Harmon got a bit sensitive when I inaccurately stated he was a storm trooper. “I am a clone,” he said. “I thought they were the same thing,” I replied. “No, the clones fought for the good guys—the Republic—and the storm troopers were turned by the Sith.” He then got upset because he figured everyone was going to make that same mistake. Because the Crowe kids were all garbed in Star Wars outfits (Julia was Darth Vader and Tyler was Luke Skywalker or a “rebel engineer” whatever that is) we decided that Grendel should play along, too. I thought Chewbacca was a good idea seeing how they are both furry and make the same kind of moaning sounds but once I said Jabba the Hut, Harmon was stuck on that. There was no outfit or anything, we just pointed out to the candy-givers the rolls of fur on Grendel’s neck and said, “He’s Jabba the Hut.”

When we reached the third house and Harmon announced in what I can only describe as a not-so-secret code that he had to “squeeze the lemon” I knew it was going to be a long night. And shortly after that when it started to rain and Harmon asked all the grown ups “who would like to volunteer to carry my blaster” I knew that next year I was going to go back to standing in my doorway and giving out the candy. But not like the creepy guy who made the kids sing a song and pick the candy out of the bowl he kept on his lap. There’s a fine line between being fun and being a weirdo.

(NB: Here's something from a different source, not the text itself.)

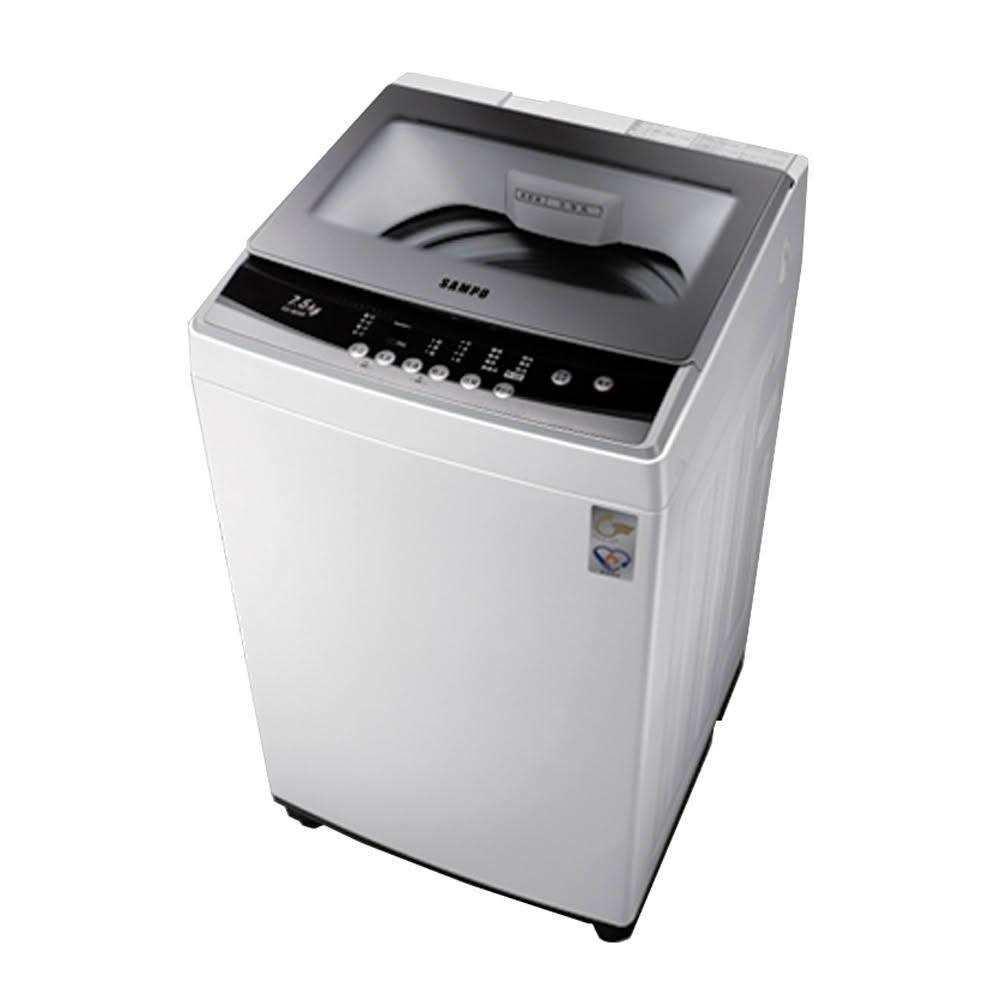 【SAMPO 聲寶】( ES-B08F ) 7.5KG 3D立體水流定頻單槽洗衣機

I hope everyone had a happy Halloween. I was going to have a contest to vote on who had the cutest costume but only one person sent me photos, so her little ones win. Here are some cute kids in costumes.


Shannon's daughter Katherine the Cow


Shannon's son Charlie the Builder

Clone Luke and Jabba

the Clone, Luke, and Jabba

I have to give a shout out to Grendel’s Grandpa, my Dad, on his 70th birthday. Way to go Daddyoh. Dad says, “I’m celebrating the 31st anniversary of my 39th birthday.” Hey Dad, I’m behind you 100%. After all, you had my back when I celebrated the third anniversary of my 29th birthday. That’s just the way we do things in the Crowe family. We also give our dogs and kids weird names—okay I shouldn’t say the kids’ names are weird—unique is a better word. But naming the second family Labrador Klinger after the first Klinger died did make for some great fodder for jokes among my friends.

Moving on to the zero part of the headline. Did you know that in the U.S. a new person is born approximately every eight seconds? I’d like to give another shout out to a very brand new person—someone recently arrived to the planet—Colin Tuttle. Son of my dear friends, Bob and Emily. Colin was supposed to arrive next month but instead arrived two weeks ago. So either the doctor can’t count, baby bubba was impatient to start the ride, or Mrs. T has some splainin to do. Either way, we are very happy he’s here and everyone is healthy. And Colin just happens to be an excellent Irish name.

If this blog was really popular, now would be a great time for me to earn some money by sponsoring a diaper ad because young or old, we never really finish dealing with the toils of bodily fluids. But instead, here’s a link to and for you out-of-work people, they’re looking to hire an Infrastructure Engineer. (I don’t know why that sounds funny, it just does.)

And just for fun, I clicked on those links in the first paragraph and here’s what came up for me.

  • I am 21,300,095 minutes old (and just wasted a butt load of them writing this blog).
  • Someone named Y.A. Tittle shares my birthday (close to Tuttle, but no cigar).
  • In dog years, Grendel and I are pretty much the same age

Evidently I have these good and bad characteristics.

  • Very little ever escapes my observation (hence the title of this blog).
  • I neither show nor understand emotions very well (what a crock—that makes me mad—not true)!

What does your birthday and name say about you? I’d like to know, really, because I do care and can show you, really. Happy Birthday Dad and all you April babies out there!